I am interested in hearing about different options/mechanisms available to allow a deployment using Sensu and influxdb for storing metrics data to scale well, and also if our particular situation warrants additional resources, further customizations etc. First, here is some background about our use of Sensu:
We are using Sensu to monitor around 80 production servers, each of which is running about 15-20 checks. The Sensu server, rabbitmq and redis components are all running on dedicated different machines (VMs). The VM hosting the Sensu server has 4 cores and 8GB of RAM. When we first deployed the system, the focus was on getting the system up and running and ensuring that the monitoring system could provide timely notifications for any conditions of interest. For the checks, we took what met our requirements from the Sensu open source code base, and wrote some of our own checks to cover any gaps. We had also planned an influx deployment in the future, but for the initial deployment, we just took a few (CPU, RAM, disk, vmstat, interface stats) of the standard Sensu metrics Ruby scripts available in github and used them for gathering data from all the client nodes once every 10 minutes, just logging this data to text files on the server. This is obviously not very useful, other than showing us that the Sensu server VM can handle this load without a problem. So far, this system has run relatively well, and we have not had any significant issues to deal with, except perhaps on the UI and usability side (that’s a subject for another thread, though).
For the next phase, we wanted to use influxdb for storing metrics data and use Grafana for providing dashboards of interest. We found that the raw metrics data being provided by the stock Ruby scripts was not very useful for visualization, so we modified some of the metrics checks and also wrote our own handler (in Python) to log the data to influxdb. We also increased the interval at which we were gathering the metrics data from once every 10 minutes (which was not very useful to begin with) to once evey 60 seconds (one minute). We created some dashboards based on this data in Grafana and tested this out in a lab setup of about 30 nodes, and everything seemed to work fine. So far, so good.
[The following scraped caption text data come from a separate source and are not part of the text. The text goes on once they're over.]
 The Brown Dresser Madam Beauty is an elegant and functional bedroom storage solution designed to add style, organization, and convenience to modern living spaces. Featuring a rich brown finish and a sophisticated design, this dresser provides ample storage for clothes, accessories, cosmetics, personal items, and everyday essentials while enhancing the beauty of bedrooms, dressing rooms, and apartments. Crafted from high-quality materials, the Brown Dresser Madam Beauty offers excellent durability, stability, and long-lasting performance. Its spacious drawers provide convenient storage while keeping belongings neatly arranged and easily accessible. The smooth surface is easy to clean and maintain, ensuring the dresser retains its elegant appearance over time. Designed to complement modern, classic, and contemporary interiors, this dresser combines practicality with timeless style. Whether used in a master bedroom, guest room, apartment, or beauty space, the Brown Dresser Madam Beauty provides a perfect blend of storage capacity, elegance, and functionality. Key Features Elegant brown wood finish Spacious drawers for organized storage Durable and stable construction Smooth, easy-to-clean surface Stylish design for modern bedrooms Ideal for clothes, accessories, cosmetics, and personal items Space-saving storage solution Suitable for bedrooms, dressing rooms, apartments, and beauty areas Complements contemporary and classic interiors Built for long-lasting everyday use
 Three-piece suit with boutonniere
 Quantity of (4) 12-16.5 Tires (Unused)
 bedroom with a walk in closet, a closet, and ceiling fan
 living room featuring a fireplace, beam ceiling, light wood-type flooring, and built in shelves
However, when we deployed these changes in the production environment, we found that the CPU utilization on the Sensu server was fairly high (>70%) for sustained periods of time, and that the server was not able to keep up with the metrics data that was being generated by the clients. We found that the bulk of the CPU resources were being used up in writing the data to influx database, and that there was significant delay in having this data show up in the database after the server had received it from the clients. We also found that this led to delay in processing check data from clients; for instance, we found that the email alerts were not being generated promptly by the server in case a client reported an error condition based on the Sensu check that it ran. Based on these observations, we reverted the metrics collection interval back to 600 seconds (10 minutes) from the new value of 60 seconds (1 minute), and this addressed all the issues I described above. This makes it clear that the problem is that the Sensu server was not able to process all the metrics data that was being sent to it by the clients.
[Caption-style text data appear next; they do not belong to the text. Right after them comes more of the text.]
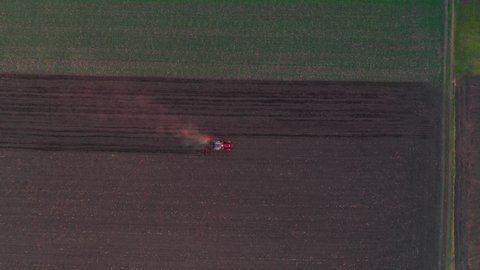 Agricultural tractor with tiller attached performing soil tillage in field, aerial view from drone pov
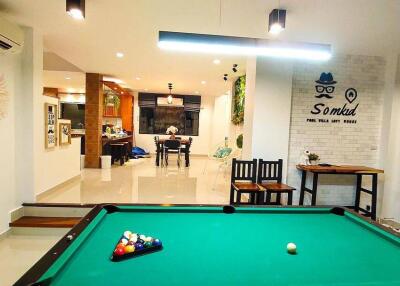 Modern open-plan living area with a pool table and dining space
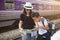 Asian backpack traveler mother with son using generic local map at a train station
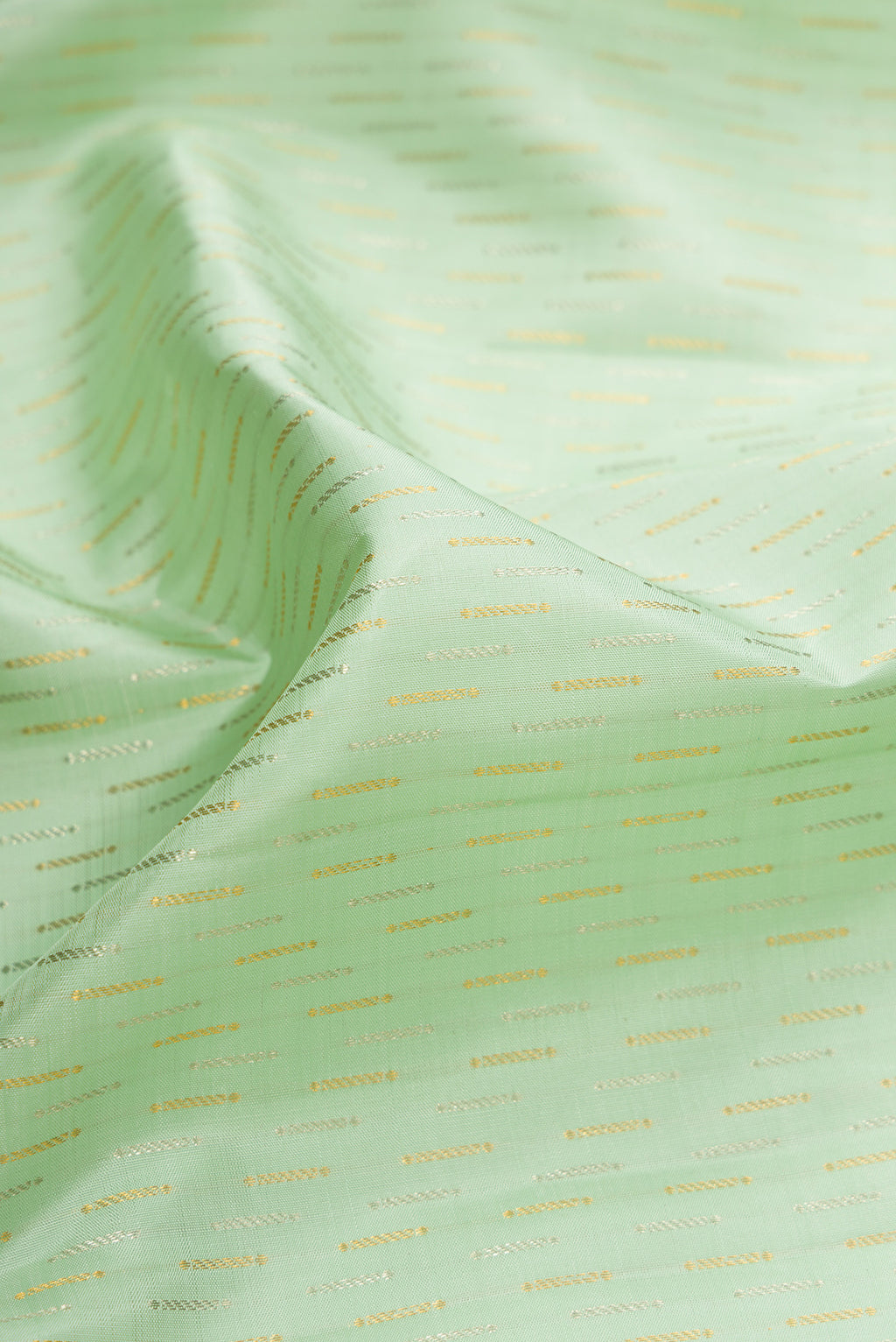 Close up of Pista Green Dual Tone Kanjivaram Silk Saree with Zari Brocade on the body and Zari Border.  displaying folds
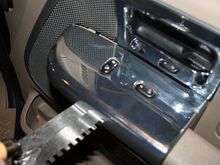 Step 1: Using a scraper or flat metal tool, gently pry up the passenger side door control panel.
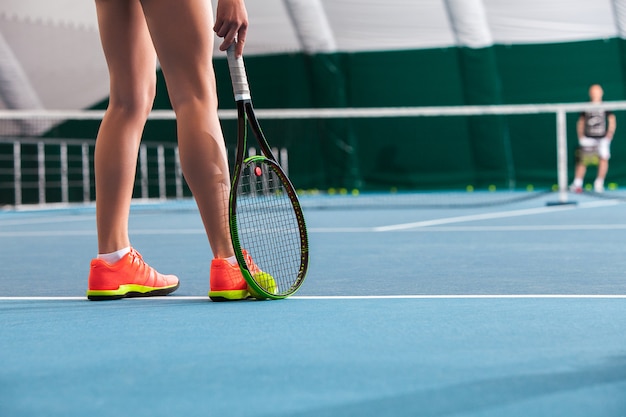 Piernas de joven en una cancha de tenis cerrada con pelota y raqueta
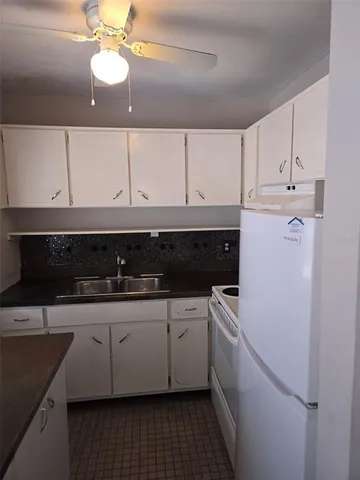 a kitchen with granite countertop white cabinets and white appliances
At this point, I would like to understand what our options are in order to get this to work properly. A few things come to mind:
Add more CPU cores to the Sensu master VM, or maybe add another Sensu server on a different machine, to give the Sensu server the processing power it needs to handle the extra processing of metrics data. This may be the easiest thing to do in the short term, but it does not really address any of the fundamental issues we have seen here, and is at best a short term measure. Before I make this recommendation to my team, I would like to evaluate what our options are first.
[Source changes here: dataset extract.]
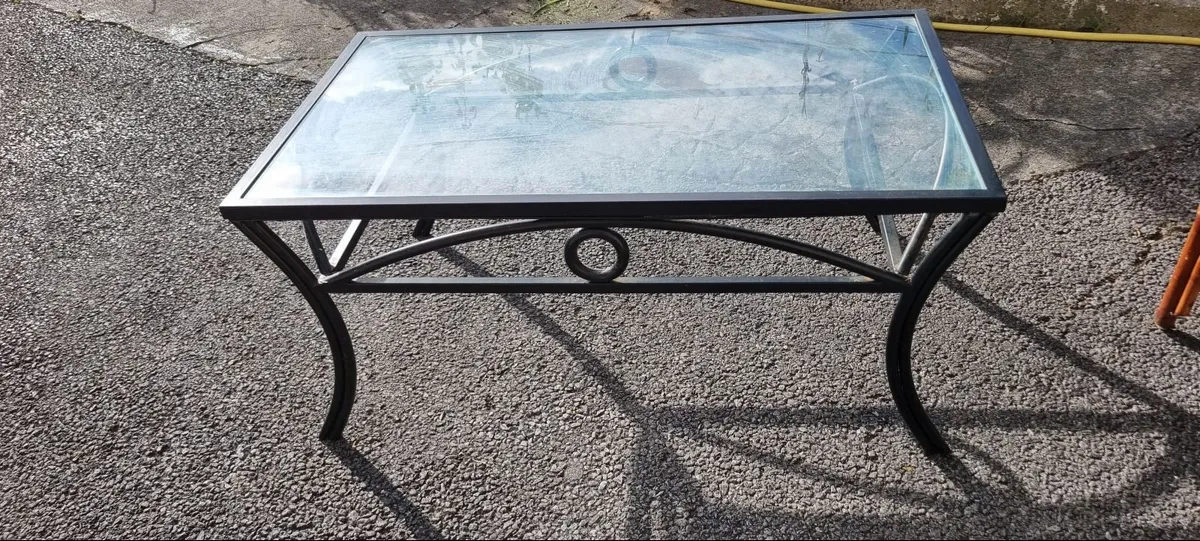 Table , glass top,black metal frame . - Image 1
From what I have been able to read so far, it appears that the poor performance of influxdb writes is a relatively well-known cause for scaling problems. Is this correct? If so, what can be done to fix this? Are there any examples of how to address this if this is indeed the issue?
Is there some data available about scaling using influxdb and Sensu? How can I determine if the existing resources allocated for the Sensu server VM are sufficient? Also, how can I size my server resources to ensure that they are adequate to handle the data being generated by a specific number of clients?
Ideally, I would like to implement a solution that does not require a lot of new development on our side to address this issue. One of our design goals is to be flexible and allow for more data to be collected in future if necessary. Is this possible using existing tools?
I would be very interested in hearing what the folks here have to say about this. I am sure this topic has come up before, so I apologize if I have missed something; I have not had a chance to go through related messages on this issue.
Thanks in advance for any help!